Idris, whose home province of Homs has been at the forefront of the Sunni Muslim-led uprising, was elected by 30 military and civilian members of the joint military command after talks attended by Western and Arab security officials in the Turkish city of Antalia.
“Saleh is not ideological, but he has been appointed top aides who are close to Salafist rebels,” one of the sources who has been following the meeting said.
The joint command named Islamist commanders Abdelbasset Tawil from the northern province of Idlib and Abdelqader Saleh from the adjacent province of Aleppo to serve as Idris’s deputies, the source said.
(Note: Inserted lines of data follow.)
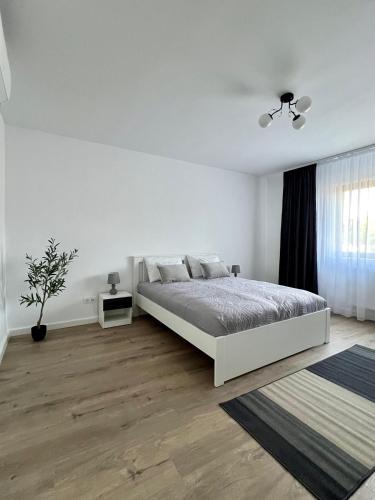 a white bedroom with a bed and a window at Colt de Apuseni in Curăţele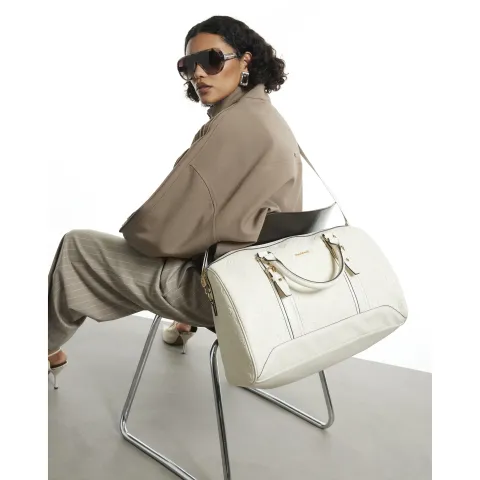 River Island Embossed Monogram Barrel Bag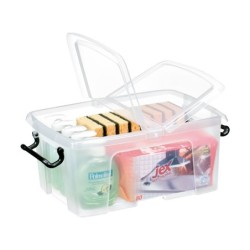 Contenedor plastico cep 12 litros 405x295x183 mm transparente con tapa y cierre hermetico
The unified command includes many with ties to the Muslim Brotherhood and to Salafists, who follow a puritanical interpretation of Islam. It excludes the most senior officers who had defected from Assad’s military.
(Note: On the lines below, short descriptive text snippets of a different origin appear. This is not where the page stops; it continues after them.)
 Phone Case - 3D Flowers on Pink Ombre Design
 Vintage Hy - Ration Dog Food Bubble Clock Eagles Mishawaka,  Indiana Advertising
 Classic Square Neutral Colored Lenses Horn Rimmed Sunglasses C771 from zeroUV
Its composition, estimated to be two-thirds from the Muslim Brotherhood and its allies, reflects the growing strength of Islamist fighters on the ground and resembles that of the civilian opposition leadership coalition created under Western and Arab auspices in Qatar last month.
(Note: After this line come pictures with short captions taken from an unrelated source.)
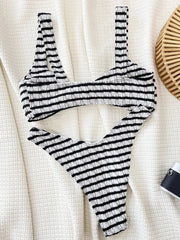 Twisted Striped Wrinkled Brazilian Bikini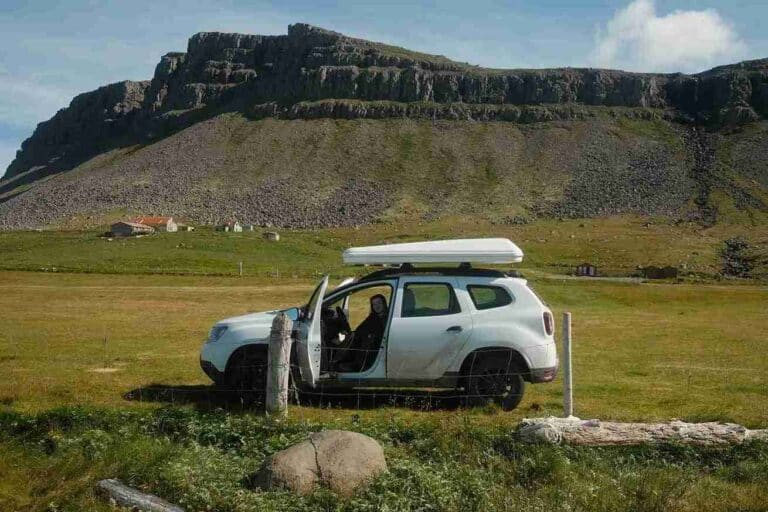 Dacia Duster parked by a grassy field
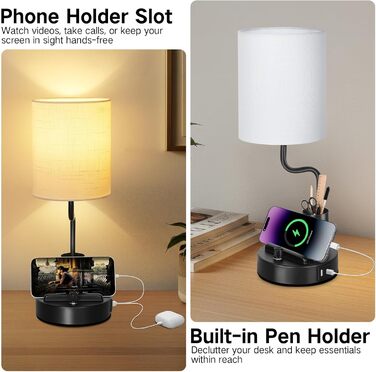 LED настільна лампа OUTON 2 шт. з USB-A та USB-C, сенсорне регулювання, тепле світло 2700K, підставка для телефону та ручок, сучасна керамічна лампа для спальні, вітальні, офісу (чорний)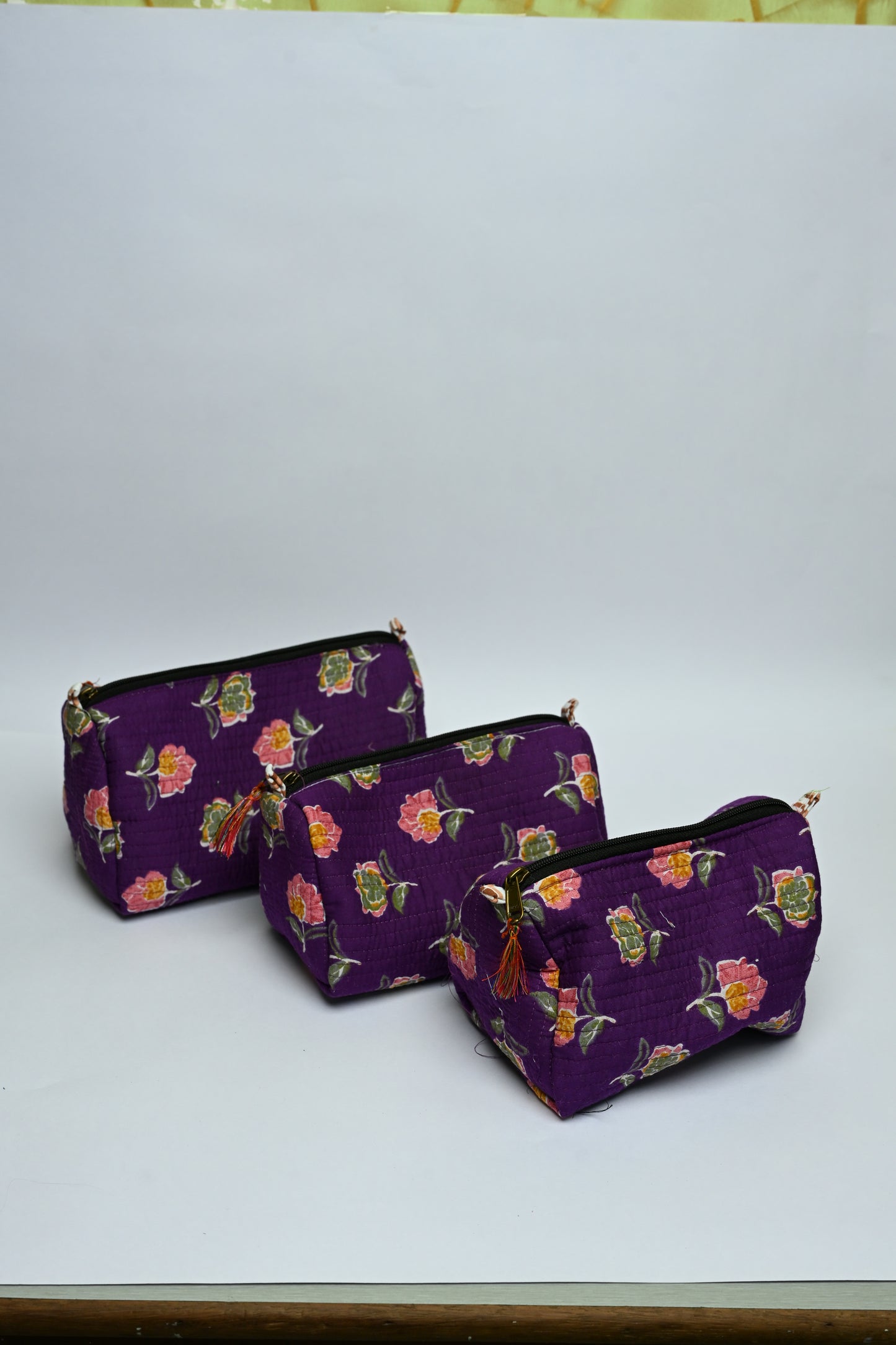 quilted multipurpose pouch (set of 3)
Absent from the group is Colonel Riad al-Asaad, founder of the Syrian Free Army and Brigadier Mustafa al-Sheikh, a senior officer known for his opposition to the Muslim Brotherhood.
Asaad and Sheikh were not part of the 263-man meeting in Antalia. Also excluded was general Hussein Haj Ali, the highest ranking officer to defect from the military since the uprising erupted in March last year.
Security officials from the United States, Britain, France, the Gulf and Jordan have been attending the talks, which come days before a conference of the Friends of Syria, a grouping of dozens of countries that have mostly pledged non-military aid to rebels fighting to oust Assad.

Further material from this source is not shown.